マテリアル インスタンスの親として使用されているマテリアルは、マテリアル インスタンス エディタで新しい親を設定して簡単に変更できます。 マテリアル インスタンスを開き、 [Details (詳細)] パネルの [General (一般)] セクションで、 [Parent] セクションにあるマテリアルを変更します。 これを行った後、新しいマテリアルのオプションに応じて、マテリアル インスタンス エディタは、新しい親マテリアルのオプションを反映するように変更します。 以下は Parent プロパティで表示された親マテリアルを使って作成されたマテリアル インスタンスです。

Material_Instancing_Change_Parent.png

以下は、同じマテリアル インスタンスですが、今回は親マテリアルが変更されています。 テクスチャ入力が少なくなり、新しい数値入力が追加されているのがわかります。

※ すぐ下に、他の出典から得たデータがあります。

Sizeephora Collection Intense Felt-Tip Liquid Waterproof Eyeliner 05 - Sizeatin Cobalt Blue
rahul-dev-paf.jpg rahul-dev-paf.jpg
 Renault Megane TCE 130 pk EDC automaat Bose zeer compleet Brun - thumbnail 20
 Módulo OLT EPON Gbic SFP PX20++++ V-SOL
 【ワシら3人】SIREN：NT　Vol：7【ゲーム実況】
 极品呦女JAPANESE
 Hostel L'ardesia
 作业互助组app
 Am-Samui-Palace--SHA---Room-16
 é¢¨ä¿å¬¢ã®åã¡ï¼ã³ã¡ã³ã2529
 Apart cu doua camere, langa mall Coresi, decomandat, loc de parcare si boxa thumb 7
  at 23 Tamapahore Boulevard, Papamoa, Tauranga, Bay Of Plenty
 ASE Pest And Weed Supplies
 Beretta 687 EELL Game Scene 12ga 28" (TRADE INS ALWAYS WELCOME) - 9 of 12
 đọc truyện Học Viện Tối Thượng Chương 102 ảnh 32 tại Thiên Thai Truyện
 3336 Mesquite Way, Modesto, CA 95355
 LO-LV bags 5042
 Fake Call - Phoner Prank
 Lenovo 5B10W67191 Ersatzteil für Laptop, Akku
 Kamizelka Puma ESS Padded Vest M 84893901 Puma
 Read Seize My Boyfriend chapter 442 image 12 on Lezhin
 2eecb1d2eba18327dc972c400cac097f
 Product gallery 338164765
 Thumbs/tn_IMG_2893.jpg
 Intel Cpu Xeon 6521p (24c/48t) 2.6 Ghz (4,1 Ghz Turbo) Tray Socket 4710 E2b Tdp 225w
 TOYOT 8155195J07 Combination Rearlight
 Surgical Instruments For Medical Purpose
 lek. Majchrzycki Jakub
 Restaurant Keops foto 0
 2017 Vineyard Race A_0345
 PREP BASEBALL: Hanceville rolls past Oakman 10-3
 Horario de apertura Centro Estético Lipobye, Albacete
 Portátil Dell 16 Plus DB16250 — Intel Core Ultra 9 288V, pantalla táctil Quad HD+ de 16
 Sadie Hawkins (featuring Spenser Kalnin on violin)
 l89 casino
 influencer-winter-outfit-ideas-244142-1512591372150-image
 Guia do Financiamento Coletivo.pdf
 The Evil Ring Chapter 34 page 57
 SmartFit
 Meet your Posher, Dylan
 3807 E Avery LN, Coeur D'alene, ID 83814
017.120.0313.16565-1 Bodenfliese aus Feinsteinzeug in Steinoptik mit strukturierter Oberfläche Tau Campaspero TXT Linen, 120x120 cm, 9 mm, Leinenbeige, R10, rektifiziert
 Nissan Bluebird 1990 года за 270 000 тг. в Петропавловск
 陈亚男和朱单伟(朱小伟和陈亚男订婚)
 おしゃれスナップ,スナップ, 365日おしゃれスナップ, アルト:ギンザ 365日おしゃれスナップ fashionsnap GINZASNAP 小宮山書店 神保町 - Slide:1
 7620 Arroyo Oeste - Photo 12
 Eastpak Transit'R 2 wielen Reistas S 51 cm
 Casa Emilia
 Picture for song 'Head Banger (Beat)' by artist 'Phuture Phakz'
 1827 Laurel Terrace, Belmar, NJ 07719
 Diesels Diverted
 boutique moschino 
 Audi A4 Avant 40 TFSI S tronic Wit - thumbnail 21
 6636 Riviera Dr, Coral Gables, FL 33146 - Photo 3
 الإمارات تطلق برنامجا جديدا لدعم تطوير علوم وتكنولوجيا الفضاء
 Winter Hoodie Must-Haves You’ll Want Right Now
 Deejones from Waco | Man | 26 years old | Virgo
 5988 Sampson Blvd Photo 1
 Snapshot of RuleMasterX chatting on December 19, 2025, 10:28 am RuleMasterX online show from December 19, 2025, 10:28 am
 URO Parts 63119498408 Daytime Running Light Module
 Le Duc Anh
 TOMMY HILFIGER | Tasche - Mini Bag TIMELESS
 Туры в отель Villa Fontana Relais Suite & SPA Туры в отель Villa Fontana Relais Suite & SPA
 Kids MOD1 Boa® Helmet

Material_Instancing_Change_Parent_Results.png

まとめ

マテリアルのインスタンス化は、プロジェクトのあらゆる側面で使用できる強力なツールです。 武器やプロップにバリエーションを加えたり、アーティストが利用可能なマテリアルをうまく活用できるようにしたり、 マテリアル インスタンスはマテリアルの作成方法とプロジェクト内での使用方法を合理化し、統一するのに非常に役立ちます。